PDFs usually render pretty quickly. But sometimes, they really start taxing your hardware and it takes a while for them to show up. In this blog post, I’ll briefly cover how rendering a PDF works and then go into some of the reasons why this process might be slow.
How Does Rendering a PDF Work?
Rendering a PDF is like executing a rendering programming language. Each page in the PDF contains one or more streams of (usually) compressed data that instructs reader applications what to render at each point on the page.
Now that you know how this works, let’s look at a handful of scenarios where this is slow.

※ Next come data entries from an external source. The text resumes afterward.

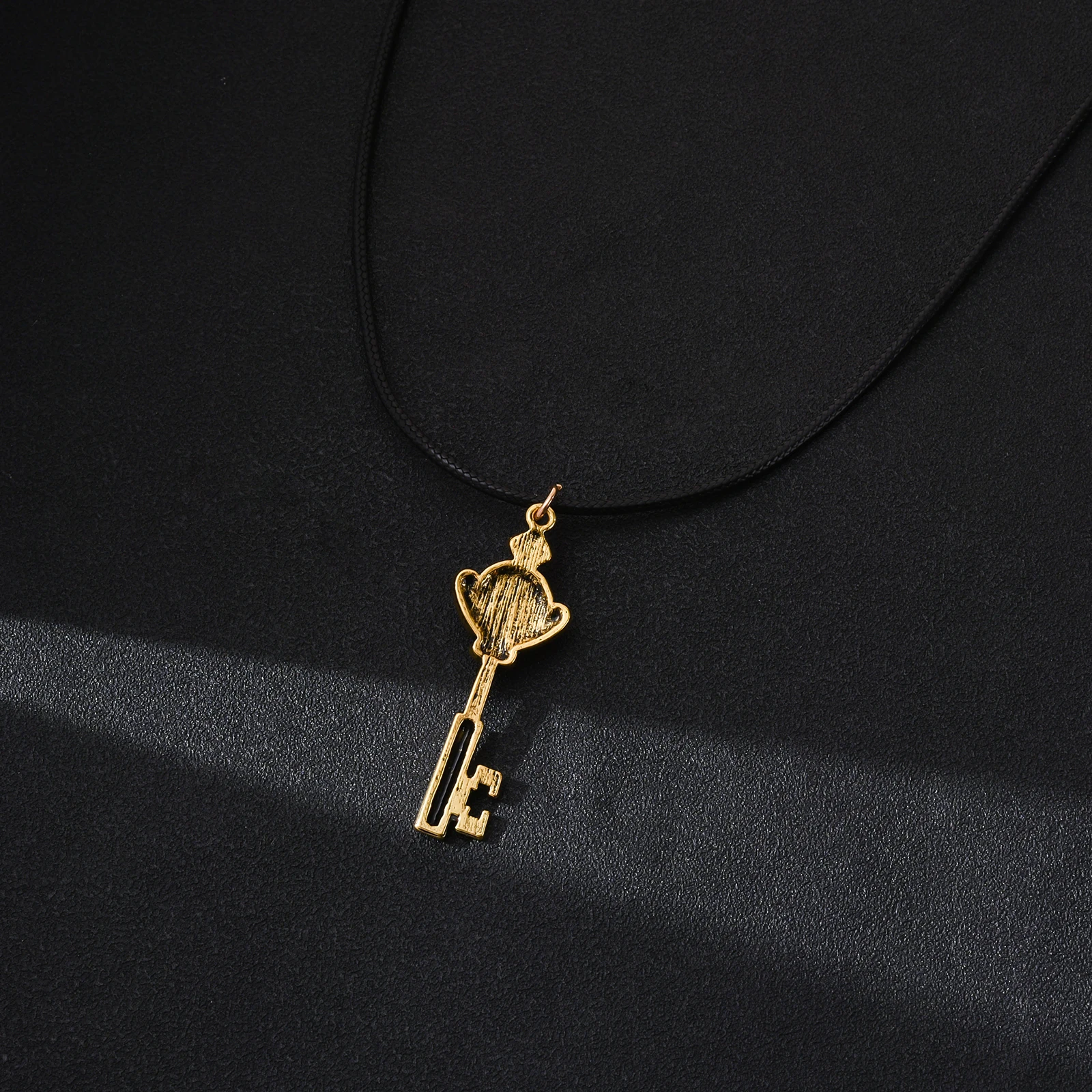 The Owl Classic House Necklace Portal Key Bronze Plated Metal Pendant for Cartoon Fans Cosplay Party Jewelry Gift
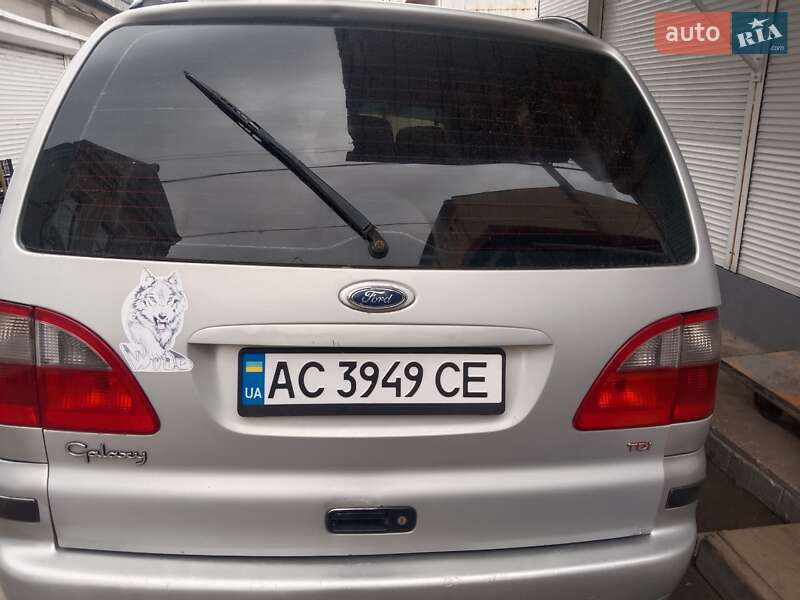 Минивэн Ford Galaxy 2000 в Владимире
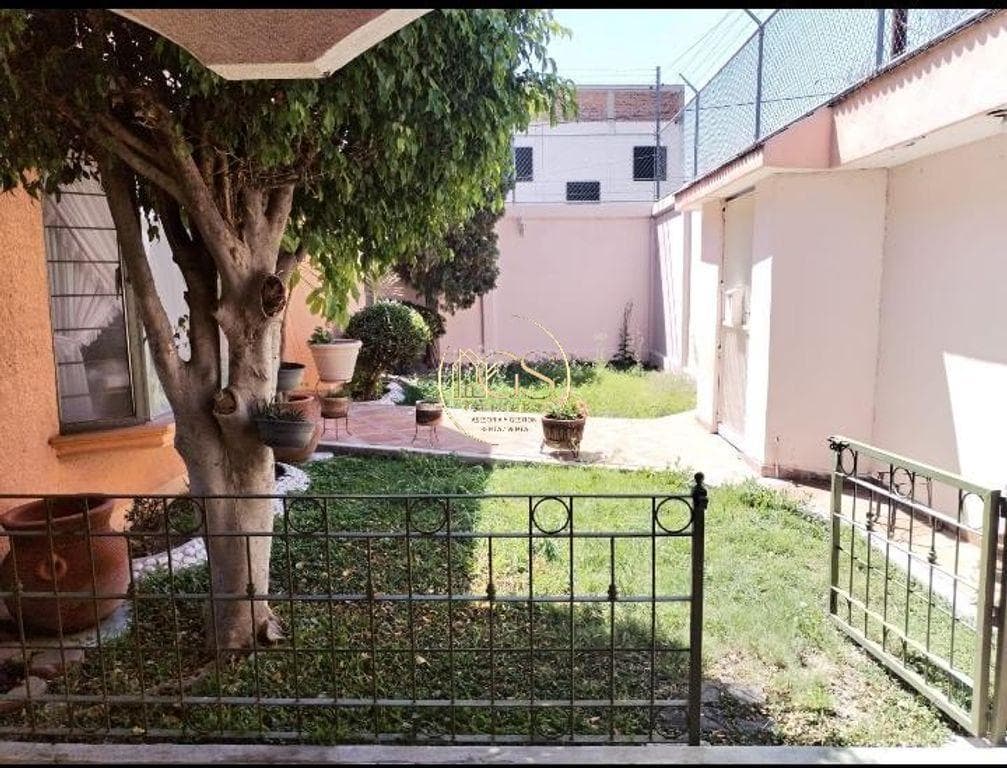 HOUSE FOR SALE IN ARBOLEDAS, 2ND SECTION, CELAYA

Some PDFs contain really high-resolution images. Before they can be rendered, they have to be loaded from the PDF and decoded into memory. Depending on how big they are, this can take up to tens of hundreds of megabytes. In environments where memory size is constrained, like on mobile platforms, this can cause problems.
Images can also be encoded in various formats that may be quicker or slower. In our experience, JPEG2000 pictures are usually the slowest.
Lots of Path Operations
Another big cause of slowdown is that of vector path operations. Imagine a PDF floorplan made up of hundreds of thousands of little lines. Each of these lines needs to be read from the content stream and rendered on the screen.
When using vector graphics, the expectation is that they render pixel-perfect and don’t start pixelating. This means we can’t render them once and cache them — we have to render them for each zoom level we encounter.
Broken but Recoverable PDFs
Sometimes PDFs are broken. Lots of PDF software, including PSPDFKit, has support for recovering broken PDFs. One issue that can cause severe performance issues is if the cross-reference table gets damaged. The cross-reference table is used to quickly access objects in the PDF document. Without it, we’d have to look through an entire file to find objects like pages or images. This would be very slow in large files.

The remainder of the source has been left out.